Bila manusia tersebut menemukan seseorang yang bisa dipercayainya, maka dalam
kondisi dilematis ini ia cenderung merujuk pada tokoh idolanya itu dan secara
umum setiap manusia cenderung mencari sesembahan. Baik sesembahan itu berupa
dewa laut, dewa petir, jimat pusaka atau bahkan pohon-pohon besar tertentu yang
dianggap mampu melindunginya. Ini semua memberikan gambaran bagi kita bahwa sejak dulu, manusia sudah mempercayai akan keberadaan alam lain yang tidak kasat mata dan dapat memberikan pengaruh terhadap dunia manusia yang nyata. Hanya saja cara dan pemahaman mereka terhadap alam lain itu berbeda satu dengan yang lain, namun secara umum kita bisa menyimpulkan bahwa manusia meyakini akan keberadaan Kekuatan yang lebih Berkuasa diatas manusia. Hal ini digambarkan juga oleh al-Qur’an :
Dan apabila manusia ditimpa bahaya, dia
berdo'a kepada Kami
sambil berbaring, duduk atau berdiri
– Qs. 10 Yunus : 12
Sungguh jika kamu bertanya kepada
mereka : "Siapakah yang menciptakan langit dan bumi?", niscaya mereka
menjawab: "Allah" !
- Qs. 39 Az-Zumar : 38
Pada masa lalu, keterbatasan
pengetahuan yang dimiliki oleh manusia sering membuat mereka cepat lari pada
sesembahan yang mereka yakini; setiap ada fenomena alam yang tak bisa mereka
mengerti misalnya saat ada petir, gerhana matahari atau gempa bumi atas yang
lainnya sebagaimana ilustrasi yang diceritakan oleh al-Qur’an terhadap
pencarian jati diri Tuhan yang dilakukan oleh Nabi Ibrahim a.s. :
Maka ketika malam menjadi gelap dan ia
melihat sebuah bintang, ia berkata: ‘Apakah ini Tuhanku ?’ – Tetapi ketika
bintang itu hilang, ia berkata : ‘Aku tidak suka kepada yang bisa menghilang !’
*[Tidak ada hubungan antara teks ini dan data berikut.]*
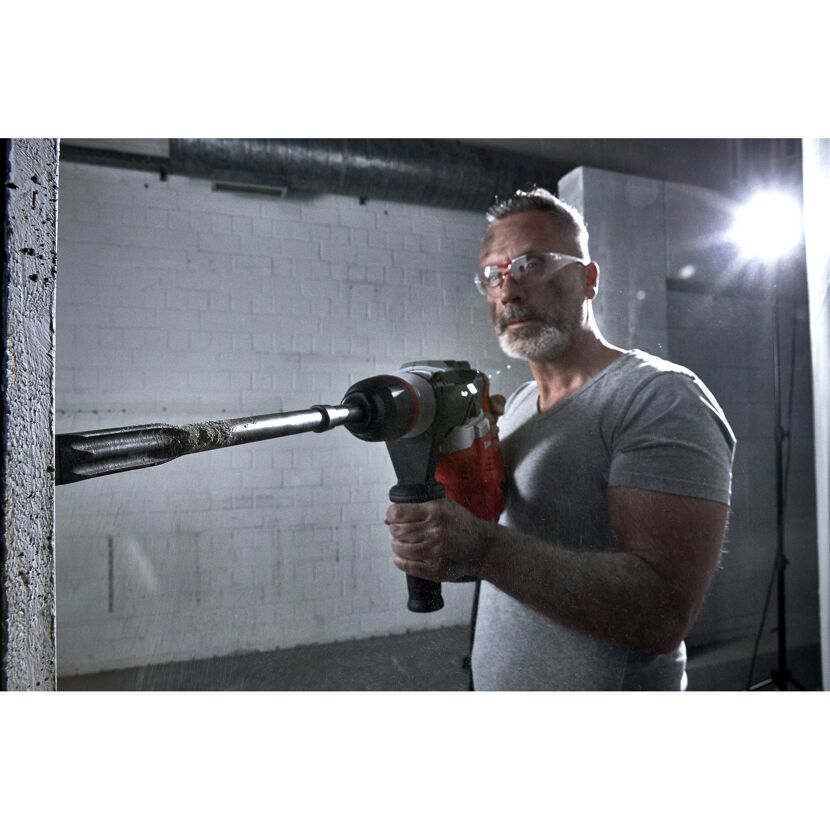 Person mit Meißel und Bohrhammer an einer Betonwand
Saat ia melihat kemunculan bulan,
berkatalah dirinya : ‘Apakah ini Tuhanku ?’ – Namun ketika bulan itu kembali
hilang, dia berseru : ‘Sungguh, Jika aku tidak dipimpin oleh Tuhanku, maka
pasti aku termasuk dalam kaum yang tersesat
Saat ia melihat matahari terbit,
berkatalah ia : ‘Inikah Tuhanku ? Dia ini lebih besar !’ - Namun ketika
matahari itu terbenam, ia berkata : ‘Hai kaumku, sungguh aku berlepas diri dari
apa yang telah kamu persekutukan!’ – Sungguh aku hadapkan diriku kepada Yang
menjadikan langit dan bumi dengan ikhlas dan aku tidak termasuk dari
orang-orang yang menyekutukan-Nya !’ - Qs. 6 al-an-am : 76 - 79
Bahkan dijaman Nabi Muhammad sendiri
masih ada orang yang menghubungkan kematian seseorang dengan fenomena alam
seperti saat Ibrahim, salah seorang putera dari Nabi meninggal dunia:
Dari Mughirah bin Syu’bah, katanya :
‘Terjadi gerhana matahari dimasa Rasulullah Saw, bertepatan dengan hari
wafatnya Ibrahim (putera Nabi). Orang banyak lalu berseru : ‘Terjadi gerhana
karena meninggalnya Ibrahim!’ – Rasulullah Saw lalu bersabda : ‘Sesungguhnya
gerhana matahari dan bulan terjadi bukan karena mati atau hidupnya seseorang,
jika kamu melihatnya sholatlah dan berdoalah kepada Tuhan’ - Hadis Riwayat
Bukhari
Secara bertahap kemajuan ilmu
pengetahuan alam kemudian mampu mengungkap cara kerja alam dan sampailah
manusia pada suatu pemikiran, bahwa pasti ada sesuatu yang di belakang
itu semua, sesuatu yang berada di belakang dewa petir, dewa laut atau
dewa matahari, sesuatu yang di belakang semua hukum alam, sesuatu yang
disebut Tuhan yang pernah didakwahkan oleh para Nabi.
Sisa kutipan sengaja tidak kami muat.